MATERIAL PROVIDED below:
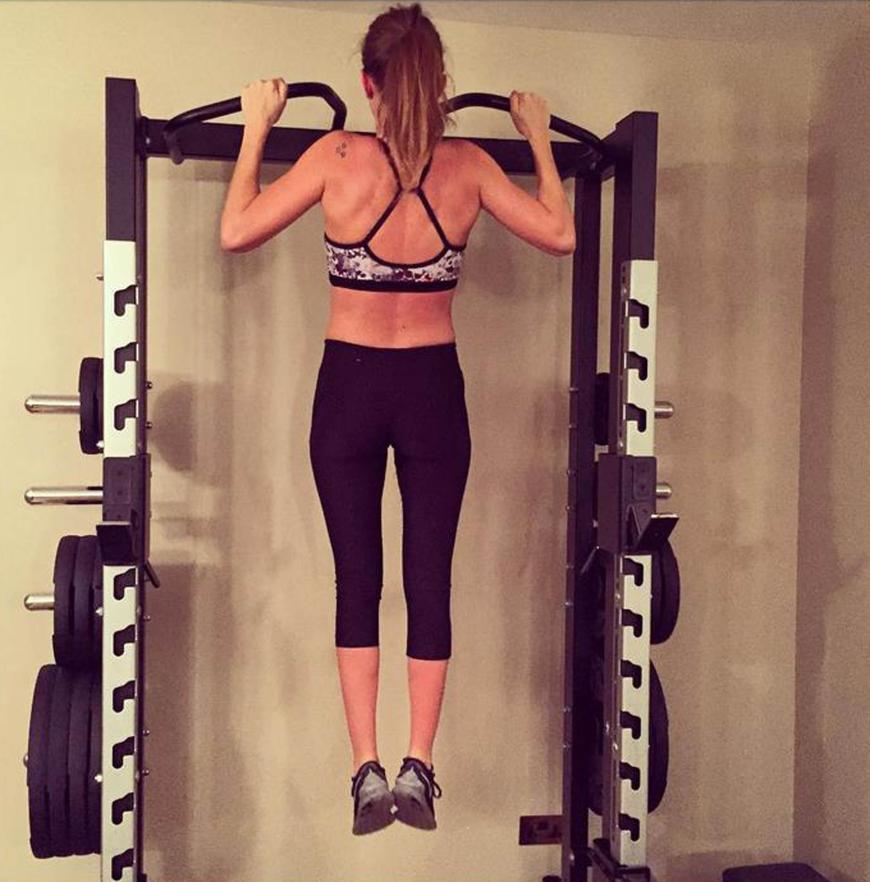 Millie Macintosh hängt ne Runde rum...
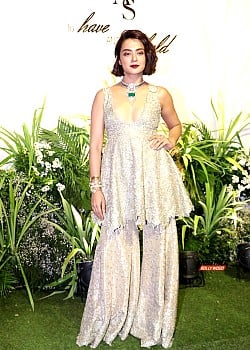 Surveen Chawla image 2 of 4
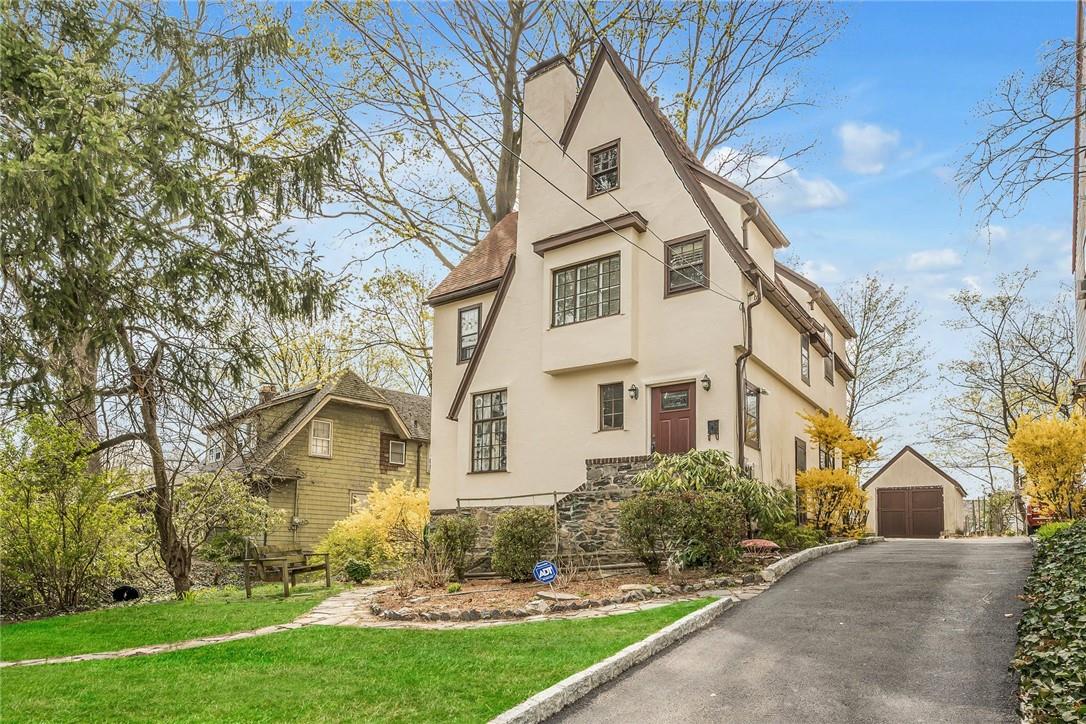 Welcome to 321 Bronxville Road.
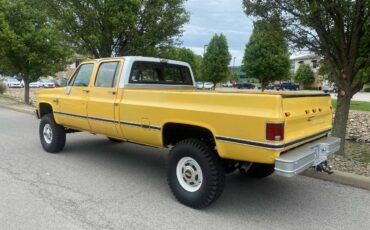 Chevrolet-Silverado-3500-hd-crew-cab-1984-yellow-1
End of MATERIAL PROVIDED.
◆ TASK REQUIREMENTS
Apart from the images, every line above needs to be printed again exactly.

◆ RESPONSE TO THIS TASK
 Millie Macintosh hängt ne Runde rum...
 Surveen Chawla image 2 of 4
 Welcome to 321 Bronxville Road.
 Chevrolet-Silverado-3500-hd-crew-cab-1984-yellow-1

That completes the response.